The solutions above were cheap solutions with major financial impact.

 

There are some critical caveats with “F” project lest you end up with a “F*ck-*p”.  (Coding)Developers have this nasty trait of loving to reinvent the wheel.  The business owner should get a seasoned product manager involved – there are at least two people in Skagit/Whatcom county that are willing to do pro-bono or equity-stake work: myself and Andrea Williams.

 

The roles of the product manager are many, the critical ones are:

  1. Can the need be satisfied with an off-the-shelf product?
    1. Is it just a matter of paying $500 and training?
  2. Resolving what the customer actually needs --
    1. What they say may not be what they mean, or
    2. Difference of vocabulary between developers and business owner result in a major language problem
  3. Writing up a specification in “developer speak”
  4. Monitoring the work to make sure it’s on schedule and as intended
  5. Resolve issues raised by developer (often a lack of domain knowledge).
  6. Determine if there is a potential (at least niche) market for the product.
  7. Be the decision making knowledgeable-authority (you need one).

The Startup Model

The model is this:

  • The startup team works for free, a flat fee (on successful completion – satisfaction guaranteed) or greatly reduced hourly rate.
  • Regardless of the remuneration – the startup team retains all rights to the software produced.
  • The business receives a non-expiring, non-transferable  license to the software.

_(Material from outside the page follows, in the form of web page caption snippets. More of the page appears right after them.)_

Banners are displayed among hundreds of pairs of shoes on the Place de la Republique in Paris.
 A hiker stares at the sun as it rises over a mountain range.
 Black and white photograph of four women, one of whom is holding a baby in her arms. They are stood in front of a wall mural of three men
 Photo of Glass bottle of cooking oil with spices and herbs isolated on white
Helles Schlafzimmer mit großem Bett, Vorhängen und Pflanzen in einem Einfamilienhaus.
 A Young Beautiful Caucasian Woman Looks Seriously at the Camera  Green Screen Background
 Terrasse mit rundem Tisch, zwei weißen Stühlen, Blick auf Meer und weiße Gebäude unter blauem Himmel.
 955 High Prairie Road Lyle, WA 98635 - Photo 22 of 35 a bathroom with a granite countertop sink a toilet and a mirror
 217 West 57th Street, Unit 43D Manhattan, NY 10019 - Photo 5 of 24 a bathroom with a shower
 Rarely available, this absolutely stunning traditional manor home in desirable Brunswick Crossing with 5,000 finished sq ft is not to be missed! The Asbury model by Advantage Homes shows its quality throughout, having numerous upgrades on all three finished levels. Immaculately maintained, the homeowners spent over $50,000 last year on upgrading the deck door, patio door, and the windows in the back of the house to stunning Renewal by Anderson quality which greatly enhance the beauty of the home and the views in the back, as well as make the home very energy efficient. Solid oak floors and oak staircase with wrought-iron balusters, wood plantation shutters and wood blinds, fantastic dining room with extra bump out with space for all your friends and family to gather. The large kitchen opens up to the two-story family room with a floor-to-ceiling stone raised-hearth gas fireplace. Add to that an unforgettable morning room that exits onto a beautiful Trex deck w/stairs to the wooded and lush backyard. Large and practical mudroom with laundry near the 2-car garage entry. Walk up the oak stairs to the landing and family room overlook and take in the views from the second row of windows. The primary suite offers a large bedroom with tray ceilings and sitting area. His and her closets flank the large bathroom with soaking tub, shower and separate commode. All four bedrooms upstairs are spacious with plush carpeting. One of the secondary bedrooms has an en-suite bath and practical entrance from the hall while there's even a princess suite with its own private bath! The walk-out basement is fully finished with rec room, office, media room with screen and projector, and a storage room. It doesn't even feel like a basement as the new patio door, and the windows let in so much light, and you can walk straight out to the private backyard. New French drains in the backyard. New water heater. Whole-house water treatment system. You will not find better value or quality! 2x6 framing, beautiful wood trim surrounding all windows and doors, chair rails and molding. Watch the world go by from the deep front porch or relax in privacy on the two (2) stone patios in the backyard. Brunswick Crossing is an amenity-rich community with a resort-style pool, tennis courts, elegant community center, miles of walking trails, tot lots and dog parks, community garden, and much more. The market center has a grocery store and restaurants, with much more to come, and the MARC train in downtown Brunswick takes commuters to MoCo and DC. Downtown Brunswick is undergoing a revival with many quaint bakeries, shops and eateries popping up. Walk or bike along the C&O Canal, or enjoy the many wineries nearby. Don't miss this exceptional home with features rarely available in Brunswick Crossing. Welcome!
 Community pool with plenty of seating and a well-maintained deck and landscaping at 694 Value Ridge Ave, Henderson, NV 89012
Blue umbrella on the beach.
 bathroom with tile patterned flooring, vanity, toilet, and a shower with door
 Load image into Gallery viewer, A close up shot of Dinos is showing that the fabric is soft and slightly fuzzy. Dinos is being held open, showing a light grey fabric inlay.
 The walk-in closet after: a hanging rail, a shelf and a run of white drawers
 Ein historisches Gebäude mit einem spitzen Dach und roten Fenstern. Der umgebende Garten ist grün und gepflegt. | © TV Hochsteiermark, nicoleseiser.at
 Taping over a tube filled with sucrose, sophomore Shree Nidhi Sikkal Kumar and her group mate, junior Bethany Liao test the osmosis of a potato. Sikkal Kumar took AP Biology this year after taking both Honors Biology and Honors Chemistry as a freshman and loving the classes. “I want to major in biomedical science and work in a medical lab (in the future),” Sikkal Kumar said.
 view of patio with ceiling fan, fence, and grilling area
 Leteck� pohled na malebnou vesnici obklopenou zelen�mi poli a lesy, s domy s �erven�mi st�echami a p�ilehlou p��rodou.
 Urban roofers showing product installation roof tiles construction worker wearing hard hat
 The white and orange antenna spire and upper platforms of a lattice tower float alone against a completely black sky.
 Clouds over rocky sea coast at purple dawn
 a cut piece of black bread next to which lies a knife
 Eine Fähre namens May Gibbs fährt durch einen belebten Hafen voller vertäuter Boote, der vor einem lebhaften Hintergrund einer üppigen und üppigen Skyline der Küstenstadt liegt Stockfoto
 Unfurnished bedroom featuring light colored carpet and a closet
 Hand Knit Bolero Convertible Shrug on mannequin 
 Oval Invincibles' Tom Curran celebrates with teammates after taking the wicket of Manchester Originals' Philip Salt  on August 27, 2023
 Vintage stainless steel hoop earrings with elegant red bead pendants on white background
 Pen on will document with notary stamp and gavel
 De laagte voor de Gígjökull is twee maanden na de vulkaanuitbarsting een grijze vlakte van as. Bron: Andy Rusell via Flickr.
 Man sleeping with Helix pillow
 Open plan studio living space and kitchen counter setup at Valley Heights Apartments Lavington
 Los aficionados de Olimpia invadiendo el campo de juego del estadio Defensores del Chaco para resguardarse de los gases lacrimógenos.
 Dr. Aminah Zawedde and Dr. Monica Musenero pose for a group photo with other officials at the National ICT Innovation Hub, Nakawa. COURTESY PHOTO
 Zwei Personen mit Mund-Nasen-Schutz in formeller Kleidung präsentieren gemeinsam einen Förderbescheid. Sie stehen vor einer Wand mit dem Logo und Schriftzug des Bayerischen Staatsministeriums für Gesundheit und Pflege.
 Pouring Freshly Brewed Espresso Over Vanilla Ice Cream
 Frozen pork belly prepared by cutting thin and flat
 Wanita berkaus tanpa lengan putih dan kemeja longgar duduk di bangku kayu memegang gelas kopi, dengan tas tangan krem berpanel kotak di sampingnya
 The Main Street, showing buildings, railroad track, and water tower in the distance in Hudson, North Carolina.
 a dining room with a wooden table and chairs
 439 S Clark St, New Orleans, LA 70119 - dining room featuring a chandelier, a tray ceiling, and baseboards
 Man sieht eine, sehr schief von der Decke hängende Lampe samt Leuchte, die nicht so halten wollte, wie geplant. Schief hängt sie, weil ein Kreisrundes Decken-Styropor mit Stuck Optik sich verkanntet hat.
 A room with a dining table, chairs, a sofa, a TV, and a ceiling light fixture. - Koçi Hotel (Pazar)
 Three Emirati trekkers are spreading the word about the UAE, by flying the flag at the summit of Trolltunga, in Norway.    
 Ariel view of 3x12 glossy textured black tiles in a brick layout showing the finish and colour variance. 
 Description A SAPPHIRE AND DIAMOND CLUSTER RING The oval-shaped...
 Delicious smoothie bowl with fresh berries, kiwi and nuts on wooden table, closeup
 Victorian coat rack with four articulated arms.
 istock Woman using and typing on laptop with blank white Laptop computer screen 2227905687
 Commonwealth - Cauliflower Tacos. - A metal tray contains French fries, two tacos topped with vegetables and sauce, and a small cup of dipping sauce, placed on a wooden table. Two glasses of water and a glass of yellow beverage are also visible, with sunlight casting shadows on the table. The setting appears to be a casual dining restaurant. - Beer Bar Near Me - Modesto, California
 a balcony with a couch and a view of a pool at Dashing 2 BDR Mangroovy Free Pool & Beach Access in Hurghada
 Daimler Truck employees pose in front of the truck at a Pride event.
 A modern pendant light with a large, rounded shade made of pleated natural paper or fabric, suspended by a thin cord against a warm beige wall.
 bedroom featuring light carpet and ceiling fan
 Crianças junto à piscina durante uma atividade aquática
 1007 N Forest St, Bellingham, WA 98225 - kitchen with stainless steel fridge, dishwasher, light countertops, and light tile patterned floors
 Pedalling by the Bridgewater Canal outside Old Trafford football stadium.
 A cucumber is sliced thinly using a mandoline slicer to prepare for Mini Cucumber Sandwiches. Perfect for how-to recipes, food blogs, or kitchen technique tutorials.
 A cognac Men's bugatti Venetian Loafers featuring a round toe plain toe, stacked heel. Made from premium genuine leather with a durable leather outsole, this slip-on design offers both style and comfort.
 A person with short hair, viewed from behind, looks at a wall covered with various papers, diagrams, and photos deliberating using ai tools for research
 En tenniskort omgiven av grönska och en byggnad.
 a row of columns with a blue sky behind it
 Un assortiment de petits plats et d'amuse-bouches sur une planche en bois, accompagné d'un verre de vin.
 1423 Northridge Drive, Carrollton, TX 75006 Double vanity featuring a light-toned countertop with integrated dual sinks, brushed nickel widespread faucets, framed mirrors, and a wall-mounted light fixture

You have a user to give the product a recommendation, you have acquired domain knowledge and had an extended experience learning the “customer’s language”.

 

If you are an experienced product manager, a developer or whatever --- and are interested in this approach, please email me or post a comment indicating your interest. TAG is interested in building up a resource list. A team consisting of one product manager and two developers (think paired-coding as in Agile practices) is likely the critical mass to have a reasonable chance of success.  Ideally, the product manager should be reasonable coder so they can also serve as a code reviewer.